Conservative groups always seem to have plenty of money, don’t they? One is the Wisconsin Policy Research Institute (WPRI), which, among other endeavors, produces a slick magazine, Wisconsin Interest. The latest issue includes an article by Richard Esenberg on school vouchers that is short but sweeping in its scope and ambition. It’s also smug and wrong-headed.
Esenberg sets out to identify the fundamental differences between voucher advocates and opponents. His thesis is that views on vouchers derive from deeper beliefs than objective assessments of how well voucher schools perform or concerns about vouchers draining funds from public schools. To him, your take on vouchers depends on how you view the world.
Esenberg asserts that voucher advocates are united by their embrace of three fundamental principles: that a centralized authority is unlikely to be able to decide what is best for all; that families should be trusted to select their children’s schools since ordinary people are capable of making choices for themselves without paternalistic direction; and that “government does not do diversity, experimentation and choice very well.”
By implication, he asserts that voucher opponents think that a centralized authority will be able to decide what’s best for all, that families shouldn’t be trusted to make choices for their children, and that government control is the best way to foster innovation.
And there you have it. Your views on school voucher expansion are entirely explained by whether you prefer individual freedom, like the voucher advocates, or stultifying government control, like the voucher opponents. In cinematic terms, voucher opponents are the legions of lifeless, gray drones in Apple’s famous 1984 commercial and voucher supporters are the colorful rebel, bravely challenging the control of Big Brother and hurling her sledgehammer to smash mindless conformity. You couldn’t ask for a more sophisticated analysis than that, could you?
While his thesis invites mockery, Esenberg’s short article does present a bit of a challenge to voucher opponents like myself. Can we set out a coherent justification for our opposition that doesn’t depend on the facts that voucher schools drain needed resources from public schools and don’t perform any better? Sweeping those fairly compelling points aside, Esenberg asks, in effect, what else you got?

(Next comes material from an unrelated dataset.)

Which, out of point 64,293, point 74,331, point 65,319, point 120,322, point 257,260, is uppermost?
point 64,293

I imagine there are a number of possible responses. I’ll set out one reason why vouchers are bad public policy as a six-step syllogism:
1. We care about the quality of the schools that children attend. We all have a huge stake in children receiving an education that prepares them well for college, career and community. We shouldn’t be indifferent to the means by which that education is imparted.
2. Children don’t go to school simply to learn their academic subjects. Their interactions with their classmates and teachers also enable them to learn the interpersonal skills and gain the cultural competence that will equip them to function effectively in the diverse settings they are likely to encounter in their 21st century world. The development of these less-quantifiable skills benefits from children attending schools with as wide a variety of students as possible. There is sort of a network effect. This is an advantage of traditional public schools.
3. The notion that parents inherently know what school is best for their kids is an example of conservative magical thinking. It is not based on any evidence – the evidence is in fact to the contrary. As I have noted before, none other than WPRI itself published a study in 2007 that, in the words of the Institute, “did not yield the results we had hoped to find.” Instead, the report concluded that no more than ten percent of voucher-eligible parents will exercise their options in a way that is responsive to the relative quality of the schools available to them.
This isn’t a surprise. In economic terms, K-12 education is more an “experience good” than a “search good.” The quality of the education that a child will receive at a particular school is difficult to observe in advance and to compare to other schools. Charter schools and voucher schools may tout features like uniforms or slick marketing materials to create an aura designed to appeal to parents, but there is no reason to think that these sorts of superficial details are reliable signifiers of genuine educational quality.
4. For whatever reason, parents as a group tend to undervalue the benefits of diversity in the public schools their children might attend. They may refer to concerns about safety, they may say the schools don’t reflect their values, they may say that their children prefer to be with their friends. But in making choices about their children’s education, parents select schools with relatively more diversity less often than an objective measure of quality would indicate.
5. To the extent that groups of students who might otherwise attend a neighborhood public school are peeled away to attend voucher schools, the diversity of the neighborhood schools is reduced and hence the environment that fosters the development of interpersonal skills and cultural competence is diminished.
6. Therefore, it makes little sense for us to offer subsidies through vouchers and thereby encourage families to make choices that will inherently diminish the quality of the education available at our public schools.
Voucher advocates certainly disagree with my conclusion. But it would elevate the discussion above the simplistic level evident in Esenberg’s piece if they would describe where they part company from the first five steps in the argument. And remember Esenberg’s ground rules – no fair asserting that voucher schools are better or cheaper than public schools. So, how am I wrong?